◆ Action item
Only the lines from the one that contains "Hygiplas HDPE Colour-Coded" through the last line of the data below should be duplicated, exactly and without pictures.

Content starts

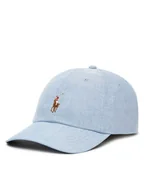 Czapki męskie - Polo Ralph Lauren Czapka z daszkiem 211977402001 Niebieski - miniaturka - grafika 1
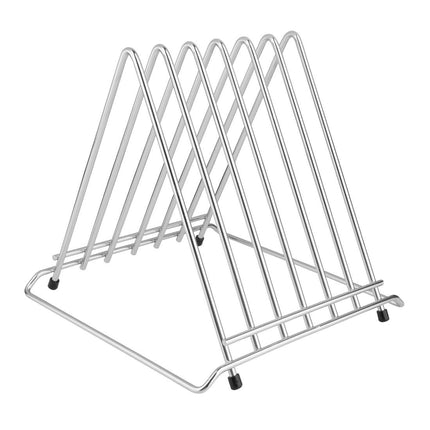 Hygiplas HDPE Colour-Coded Cutting Board Set with Rack 610x455x25mm 6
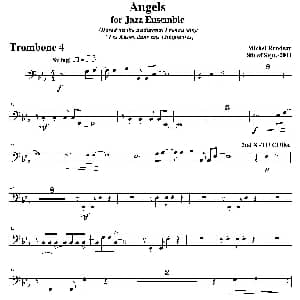 Angels for Jazz Ensemble 第四长号分谱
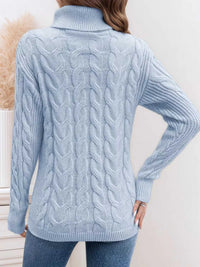 Cable Knit Turtleneck Long Sleeve Sweater 100100174532282 38 Affordable Fashion Under $100 Jerry's Apparel 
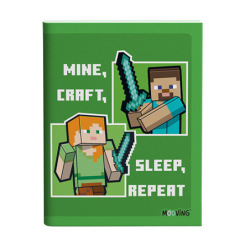 Cuaderno Mooving T/F X48hjs Minecraft 1202248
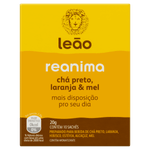 Cha-Preto-Laranja-e-Mel-Leao-Reanima-Caixa-20g-10-Unidades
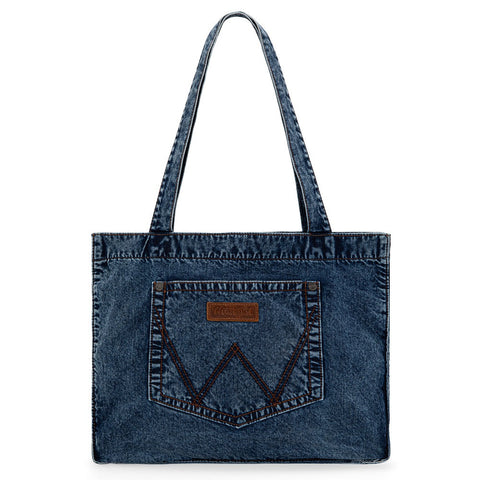 Wrangler Stitch Denim Tote Bag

Content ends

◆ Result of the task
 Hygiplas HDPE Colour-Coded Cutting Board Set with Rack 610x455x25mm 6
 Angels for Jazz Ensemble 第四长号分谱
 Cable Knit Turtleneck Long Sleeve Sweater 100100174532282 38 Affordable Fashion Under $100 Jerry's Apparel 
 Cuaderno Mooving T/F X48hjs Minecraft 1202248
 Cha-Preto-Laranja-e-Mel-Leao-Reanima-Caixa-20g-10-Unidades
 Wrangler Stitch Denim Tote Bag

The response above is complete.